A few words about scheduling
Erlang threads are scheduled using what is referred to as runtime driven cooperative scheduling. Cooperative scheduling means that some party (the user or the runtime system) switch threads at (hopefully) well-chosen points in the execution. The opposite is interrupt-driven preemptive scheduling, where a thread switch literally happens as a “bolt from a clear sky”. Very close to this form of scheduling is multi-core/cpu execution, which shows the same characteristics.This is main reason for introducing atomic locks in computer systems. A language based on cooperative scheduling, such as Erlang, can choose wisely where to switch threads.

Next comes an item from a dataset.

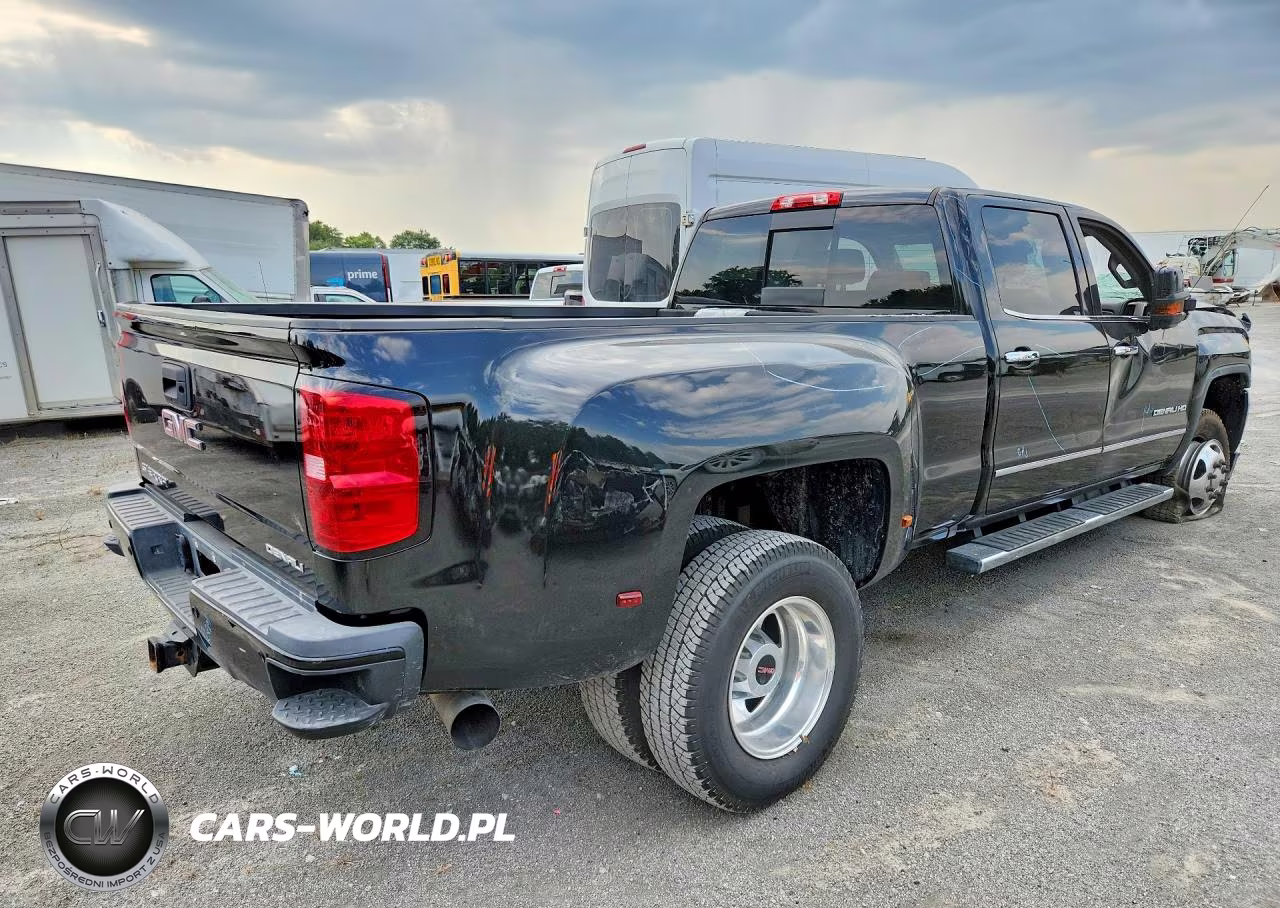2019 GMC Sierra K3500 Denali VIN:1GT42WEY2KF235271 - 3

In a language based on interrupt-driven scheduling, a thread is allowed to run for at most a fixed time period. There is a clock interrupt that fires at equiv-distant time steps. There is no such thing in Erlang. Instead a thread is allowed to invoke functions a certain amount of times. (To be more precise, N number of reductions, where N typically is 1000-2000).
Because the Erlang system has no understanding about the meaning of our account_update/3 function, it can (and does) switch the updater thread anywhere between each function/reduction within account_update/3, as soon as the thread as used up its current share of reductions.
Safe Mode
Now, when we understand why the problem arises we can move ahead and fix it. There is no such thing as a mutex lock in Erlang (although you can implement a thread type that acts as one), so we have to stick to the (obvious) solution of moving the READ/MODIFY/WRITE logic into the target thread. The account thread receives a message and performs one operation fully, before it moves on and serves the next message. This is our mutex. Below I show the missing code snippets.

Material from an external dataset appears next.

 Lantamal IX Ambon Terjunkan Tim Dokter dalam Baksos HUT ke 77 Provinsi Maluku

account_update(Account, Value, safe) ->
account_update(Account, Value).
account_update(Account, Value) -> send({update,Value}, Account).
account_body(Balance) ->
case recv() of
%. . .
{From, {update, Value}} ->
BalanceNew = Balance + Value,
reply(BalanceNew, From),
account_body(BalanceNew);
%. . .
end.
The ’safe’ version of account_update/3 invokes a new method (account_update/2) which sends the update mesage along with the value to the account thread. Within the account object/thread it now performs the operation in an atomic way, because nothing can interrupt its sequence of operations. Even if the account thread is suspended because it runs out of reduction ticks, no new operations will be started until the account resumes and completes the begun update operation. Nuff talk, let’s see it in action.
$ erl -noshell -pa target/beams -run bank exe 5 10000 safe Running the bank in safe mode, with 5 updaters, performing 2*10000 updates each Updater-1: started Updater-2: started Updater-3: started Updater-4: started Updater-5: started Updater-3: terminated Updater-2: terminated Updater-5: terminated Updater-1: terminated Updater-4: terminated Final balance = 0 $ erl -noshell -pa target/beams -run bank exe 5 10000 safe Running the bank in safe mode, with 5 updaters, performing 2*10000 updates each Updater-1: started Updater-2: started Updater-3: started Updater-4: started Updater-5: started Updater-1: terminated Updater-2: terminated Updater-5: terminated Updater-4: terminated Updater-3: terminated Final balance = 0 $ erl -noshell -pa target/beams -run bank exe 5 10000 safe Running the bank in safe mode, with 5 updaters, performing 2*10000 updates each Updater-1: started Updater-2: started Updater-3: started Updater-4: started Updater-5: started Updater-4: terminated Updater-1: terminated Updater-3: terminated Updater-5: terminated Updater-2: terminated Final balance = 0 $
Well, this is not a proof. But even running with hundreds of updaters doing millions of updates we will end up with the final balance = 0.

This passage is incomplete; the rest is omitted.